In the second debate between Craig A. Evans and Bart D. Ehrman (see “Ehrman-Evans 2012 debates”) Evans was asked about the miraculous as relates to doing history. The question was framed in such as way as to discover whether or not Evans is consistent when he reads claims about miracles in ancient literature. In other words, does he accept Christian claims while denying others? If so, why?
Well, Evans does give miracles a fair hearing even in literature not related to Judaism/Christianity. He noted that one of his presuppositions is theism. Although he is a Christian theist he does not deny the possibility of miraculous actions in history. Of course, Ehrman’s agnosticism makes him very skeptical to such reports if not completely closed to them.
I feel the same way. If I read an account where something “miraculous” took place I don’t know that I automatically agree that the interpretation of the event demands divine intervention (or the intervention of unseen forces like spirits, angels, or demons), but I am not closed to the possibility. I did come into Christianity through Pentecostalism!
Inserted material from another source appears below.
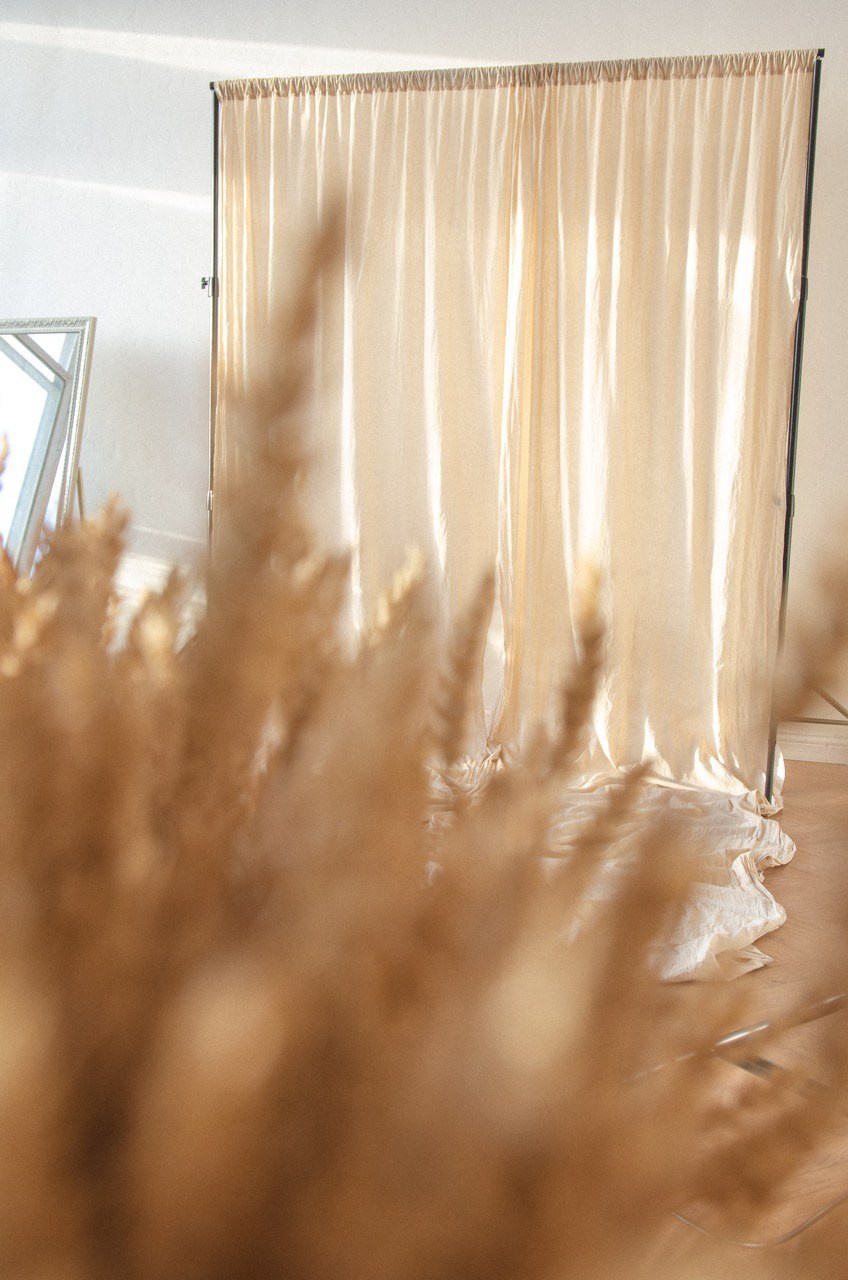 Maria stretching and beauty. Family, portrait, content photo in Costa Rica Evgeniya Besprozvannykh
That said, I wonder if we should leave room in our historiography for complete affirmation or denial of miraculous events. In other words, do I believe Jesus healed a blind man and raised some dead people? Yes. Do I think we can verify this historically? I’m not sure.
Remember, there are people present in some narratives where Jesus does the miraculous and they attribute it the work of Beelzebub. The event happens, some see a miracle of God, some see a work of Satan. I think historiography allows us to admit this before we make the next step where we say what we subjectively think about the event.
What can we verify? We can suggest that there is a strong probability that followers of Jesus saw him do things that they could not explain that they attributed to the work of God. This is an interpretation of the events though. At best, we know Jesus did enough to cause people to see him as a miracle worker. I don’t know if doing history allows one to makes claims that God did this or that.
Does this mean one cannot strongly believe that God did do this or that? Of course not! When we do history and construct histories we cannot do it without our presuppositions and worldviews bleeding into our historiography. Eventually all history moves from the data to interpretations of the data to a narrative constructed around that interpretation.
If someone is not a Christian they will likely say (data) people believed that Jesus healed a blind man, but (interpretation) there is likely some natural explanation or mythology developed based on crowd hype, therefore (narrative) we have a Jesus who was a perceived miracle worker though we “know” no one can do those things.
On the other hand a Christian see the data but (interpretation) it was a work of God like the Evangelists interpreted it to be and therefore (narrative) Jesus’ miracles prove A,B, and C about him.
At the end of the day history is not a science. It isn’t just an art either, but it may come closer to the latter than the former. Eventually our “histories” are interpretations of the data. We “know” things to some extent (I appreciate the insights of critical realists), but we use a subjective lens.